Allons voir ailleurs si j'y suis...
Y a quelqu'un là dedans ?
Oui, une flopée d'hormones qui chahutent ma raison et qui me collent mal au crâne...
Je ne me reconnais plus. La vraie Jeanne aurait-elle quitté son corps pour de bon, son cerveau aussi, ne laissant derrière elle qu'un petit mot griffonné genre ? :
Je me casse, ça pue ici !
Non, sérieusement... Je ne vais pas me laisser emporter par ce désir d'enfanter qui a pris un temps, le pas sur tout le reste. C'est bien mal me connaître.
Le truc, c'est qu'après un échec comme celui que je viens de vivre, on n'a surtout pas envie de s'avouer vaincu, de se poser pour faire l'analyse de la situation. On voudrait courir les bras ouverts comme un gosse et attraper le vent en souriant. Sauf que lorsqu' on a quarante ans, on sait que le vent ne s'attrape pas et que courir les bras ouverts ça donne un air de débile léger, surtout par -3° à Paris.

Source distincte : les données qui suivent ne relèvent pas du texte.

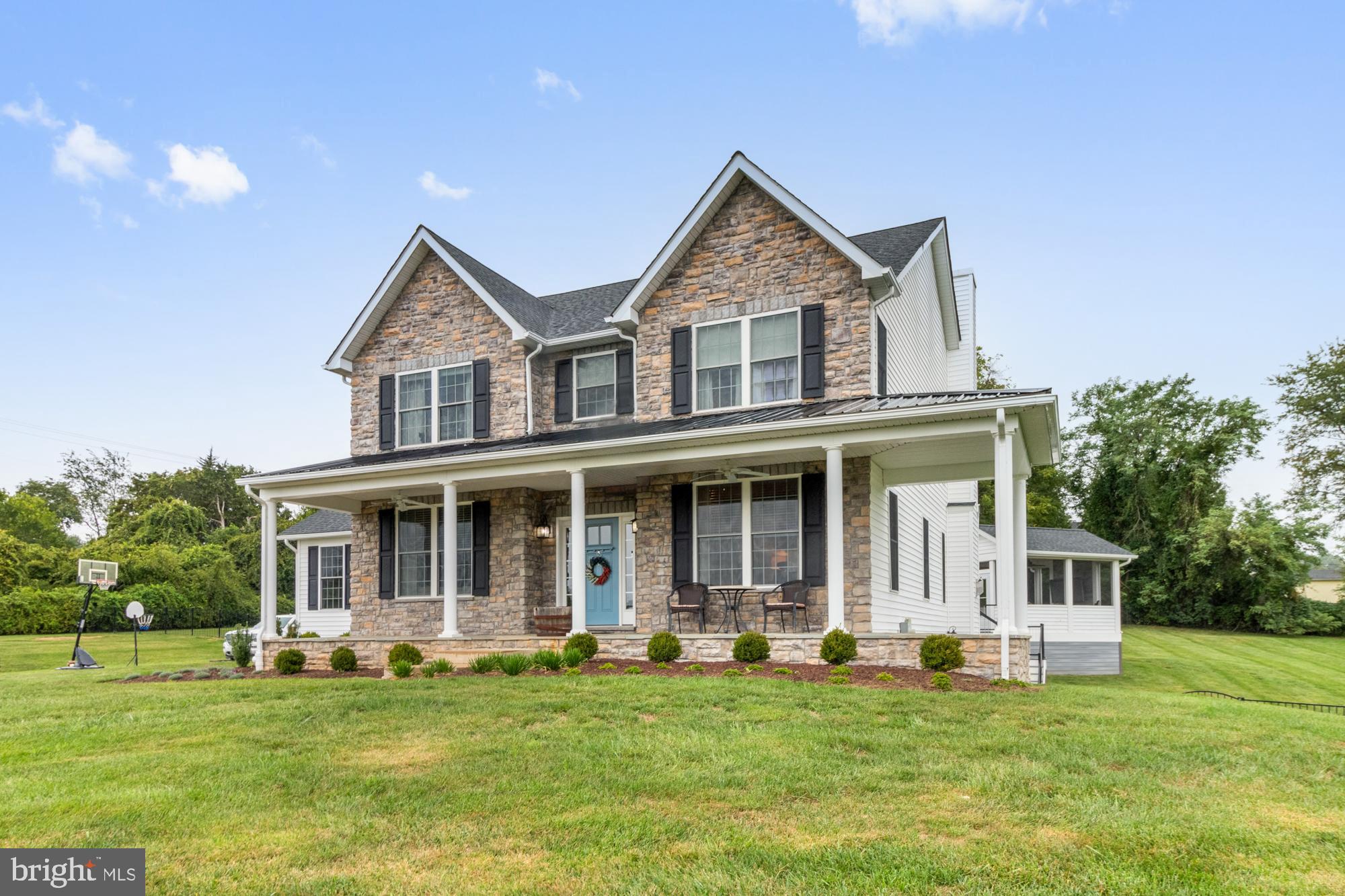 GRAYSONS RIDGE - Residential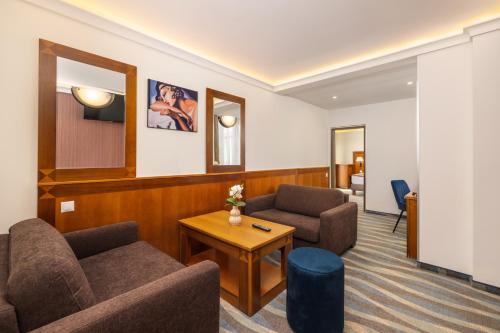 Carlton Hotel Budapest - image 3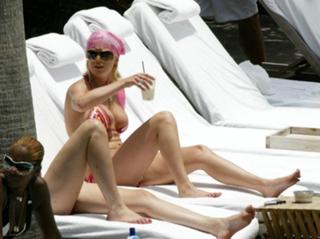 Tara Reid feet photo thumbnail
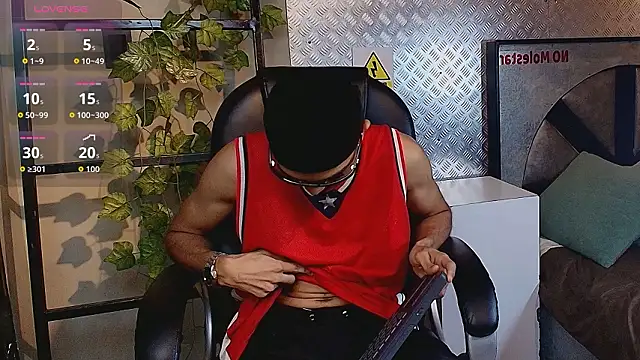 Snapshot of MarcusRain_ chatting on 3, 2, 2026 MarcusRain online show from 3, 2, 2026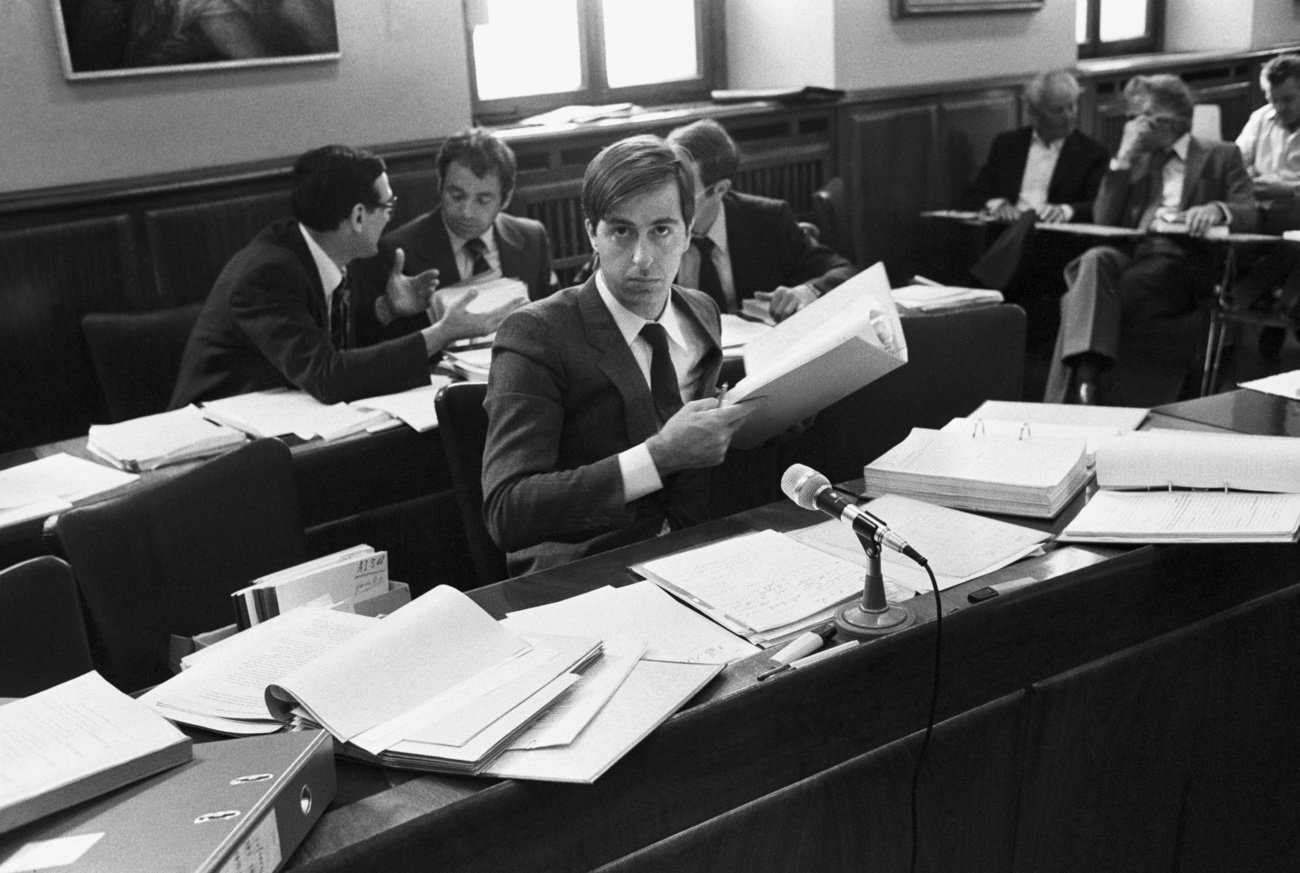 Le procureur Paolo Bernasconi, en juin 1979. «L'affaire Texon» (ou «scandale de Chiasso») est l'un des premiers scandales bancaires à secouer le monde financier helvétique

Alors la seule chose à faire c'est de ramasser les bouts de soi qu'on a laissé tomber au passage, voir s'ils sont récupérables et en fabriquer de nouveaux et pour cela, pas de doute il faut se forcer un peu au départ. Se forcer à sortir, se forcer à aller vers de nouvelles têtes même si à priori, on est bien content avec ce qu'on a déjà. Se faire violence pour ne pas ressembler à un vieux chiffon mou qui regarde en boucle des séries en streaming pour tuer le temps. Remonter sur ces machines équivalant aux roues des hamsters mais pour le genre humain, celles qu'on trouve dans les salles de fitness et puis suer sang et eau pour que la fatigue du corps prenne le dessus sur l'activité stérile du cerveau.
Et puis partir... pas pour fuir non, mais pour se mettre en danger. Partir seule alors que je suis verte de trouille à l'idée d'appréhender l'inconnu sans filet, de me confronter aux regards surpris parfois apitoyés de certains lorsqu'ils réaliseront que je voyage seule :
-Mais vous n'avez trouvé personne pour vous accompagner ? Vous n'êtes pas mariée ?
-Non mais je voyage seule par choix vous savez...
Regards incrédules, incompréhension inévitable de l'orient et de l'occident. Incompréhension tout court de ceux qui ne comprennent pas que je préfère partir seule que d'attendre la bonne personne pour voyager. Les mêmes qui ne comprennent pas qu'une fille comme moi préfère vivre seule qu'avec un type qui ne lui convient pas.
Même si parfois elle en crève de ce manque d'amour, faut pas se leurrer.
J'évalue la crainte de n'avoir personne à mes côtés pour lui dire : " Y a une araignée grosse comme ma main dans les toilettes, je crois que je vais me retenir de pisser pendant 24 heures parce qu'elle a vraiment l'air de trouver l'endroit à son goût ".
Mais aussi de n'avoir que le silence pour accompagner mes grands moments extatiques devant tant de beauté.
Et pourtant je sais que je vais sortir grandie de ce voyage à l'autre bout du monde, de ce Myanmar sulfureux d'abord dont je ne connais que les bouddhas de marbre blancs et un peu d'histoire. De de la Thaïlande ensuite qui saura me réconforter, d'abord parce que je la connais un peu, ensuite parce qu'elle offre la possibilité de s'isoler ou de rencontrer selon l'humeur et le moment.
J'ai trié tous mes papiers avant de partir, je vais trier toutes mes pensées et mes options quand je serai là bas, mais d'ici là je m'autorise à vivre chacune de ces journées comme si c'était la dernière, sans projet et sans grande décision. Jeanne, reviens, ça ne pue pas tant que ça par ici...
(PS: Merci à Flavia qui m'a inspiré ce titre.)